Eisai and Biogen’s Leqembi Iqlik (lecanemab-irmb), FDA-approved in 2025, introduced the first anti-amyloid Alzheimer’s disease therapy that can be self-injected at home. The once-weekly autoinjector maintains the clinical and biomarker benefits of the IV form while reducing infusion-related side effects.

Designed for patients with early-stage disease, the device shortens treatment time and lessens the burden on infusion centers. Leqembi Iqlik became available in the US on October 6, 2025.

Every Cure: AI-Driven Drug Repurposing

Philadelphia-based Every Cure is an AI-powered nonprofit dedicated to finding new uses for existing drugs. Backed by $60 million through TED’s Audacious Project and a $48 million ARPA-H contract, the organization’s MATRIX platform applies large language model (LLM) analytics — now enhanced by Google Cloud’s Gemini 2.0 — to predict therapeutic potential across thousands of diseases.

The initiative speeds up lab and clinical validation of promising repurposed therapies, providing likely safer, affordable treatments to those lacking effective care options.

Gilead Sciences: Yeztugo (lenacapavir Injection for HIV Prevention)

Gilead’s Yeztugo is the first FDA-approved HIV prevention treatment offering protection for six months with just two yearly injections. The capsid inhibitor achieved ≥99.9% efficacy in Phase III PURPOSE trials, outperforming daily oral pre-exposure prophylaxis (PrEP) for HIV prevention.

The CDC, WHO and European Union have since endorsed twice-yearly lenacapavir for PrEP. Through partnerships with the US State Department and the US President’s Emergency Plan for AIDS Relief (PEPFAR) and the Global Fund, Gilead is further expanding access.

Sanofi: Modulus (Modular Biopharma Manufacturing Platform)

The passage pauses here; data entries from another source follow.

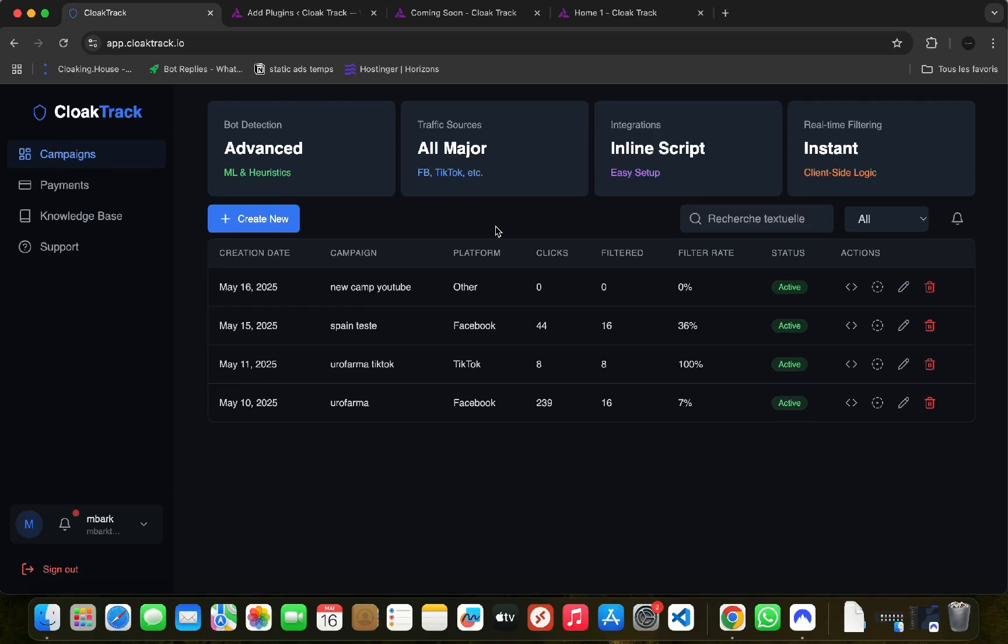With CloakTrack, building your cloaking campaigns is easier than making instant noodles. Just follow these ridiculously simple steps. In today's video, we will discover how to integrate your cloaking campaign with WordPress.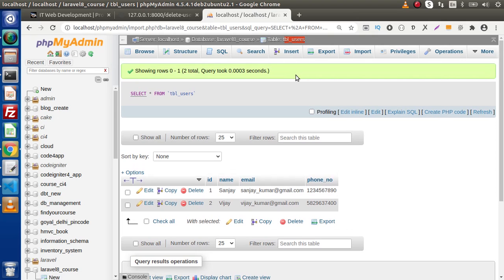In the last video, to create tbl_users we simply used the manual tool in phpMyAdmin, but in large Laravel projects this is not the recommended approach. We need to create a proper table structure using migrations. What is migration, how can we create migrations, and how to use them in our application — all these things will be discussed in the next video. Thank you for watching and have a great day.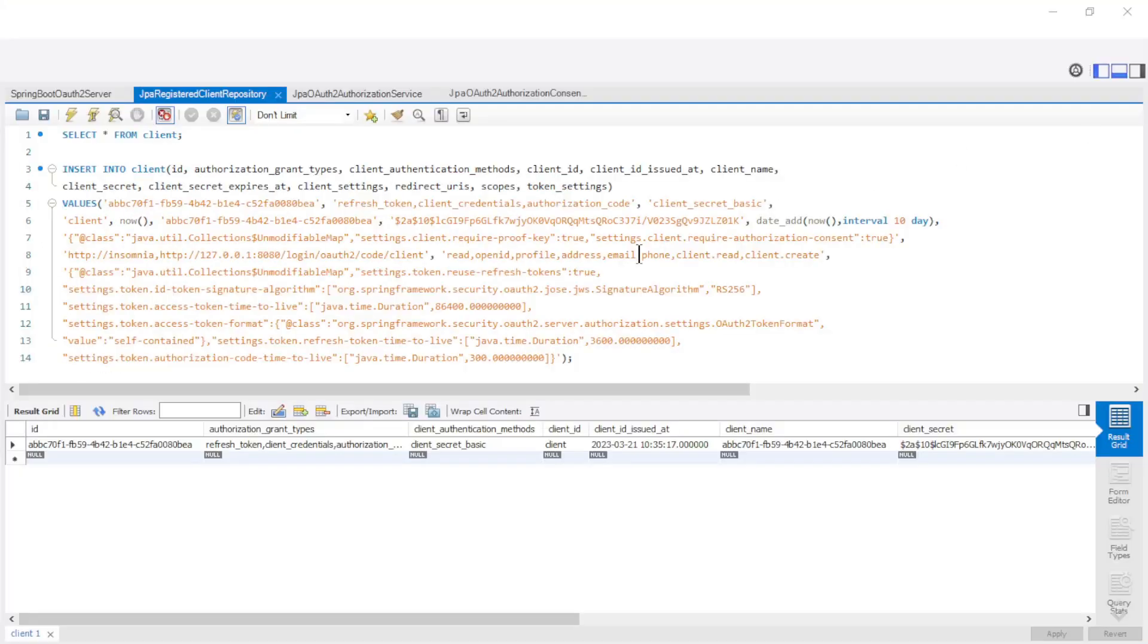A second setting are the Scopes of the Client. To read the Client Registration you need the Scope Client read. To create a new Client Registration you need the Scope Client create.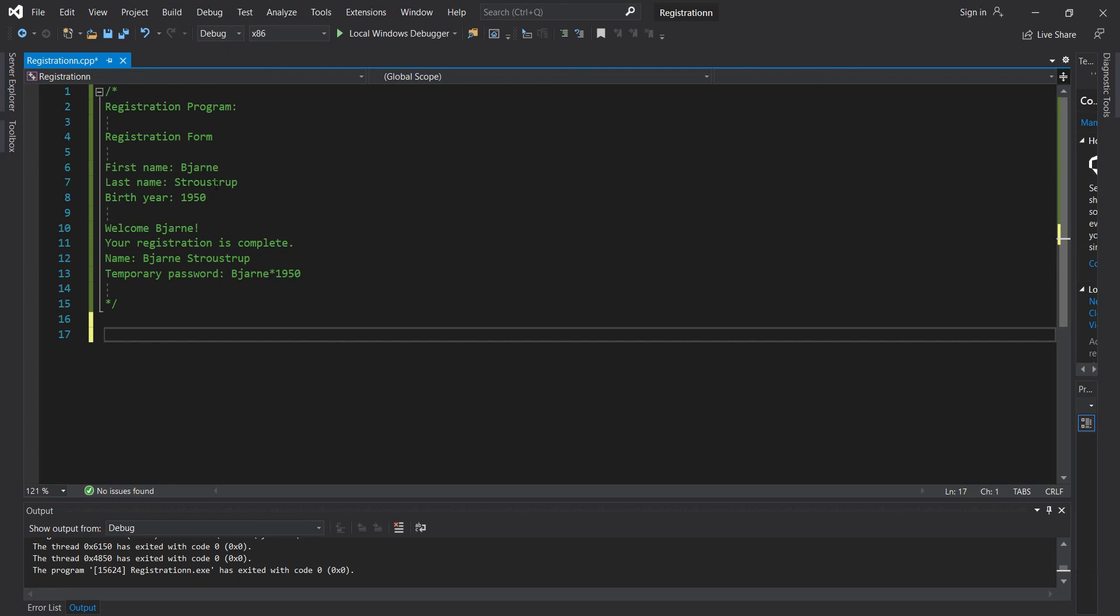We need to use a cin function for these three values. So we need the user to input the name during program execution as well as the last name and we need to use the cin function for the birth year. So this is what the first part of the program is going to look like. And then for the second half, it's going to be auto-generated. Welcome first name, your registration is complete. Name first last. And temporary password is first name times birth year. So let's just get started. If you want to go ahead and do this program yourself, please pause the video, but I will go ahead and get started.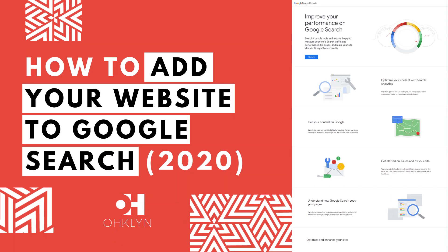In this video, we'll show you how to add your website to Google search. Once you've created a new website or blog and you're ready to share it with the world, there's a few simple things you need to do in order to make sure people can find it. This is what's referred to as indexing your website, and in this video we'll show you how to do it. So, let's get to it.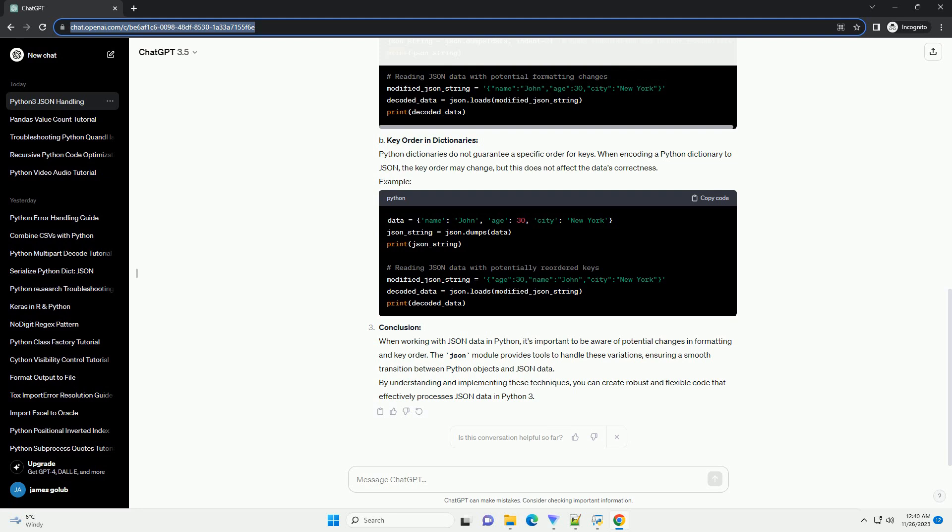Example of encoding Python data to JSON. Example of decoding JSON data to Python. Handling changes in JSON data: Whitespace and formatting. JSON data might vary in terms of whitespace and formatting, which doesn't affect the data's actual content. Python's JSON module can handle such variations using the indent parameter in the dumps function and the loads function's ability to ignore extra whitespaces.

Sanofi’s Modulus is a digitally intelligent, modular manufacturing facility redefining biologics and vaccine production. With 34 reconfigurable mini-factories, Modulus can produce up to four different biologics simultaneously, reducing changeover times from months to one week.

The AI-powered system coordinates automated vehicles and monitors equipment in real time to predict maintenance needs and keep production running smoothly.

Vertex Pharmaceuticals: Journavx (suzetrigine, for Acute Pain)

The FDA approved Journavx in January 2025 as the first-in-class, oral, non-opioid NaV1.8 pain-signal inhibitor for adults with moderate to severe acute pain. By selectively blocking NaV1.8 in peripheral nociceptors (outside the brain), suzetrigine provides analgesia without relying on opioids.

Vertex is also studying suzetrigine in peripheral neuropathic pain (e.g., diabetic peripheral neuropathy), while pausing Phase III plans in lumbosacral radiculopathy after regulatory feedback.

A follow-on NaV1.8 program (VX-993) did not meet Phase II endpoints in acute pain and has been discontinued as a monotherapy.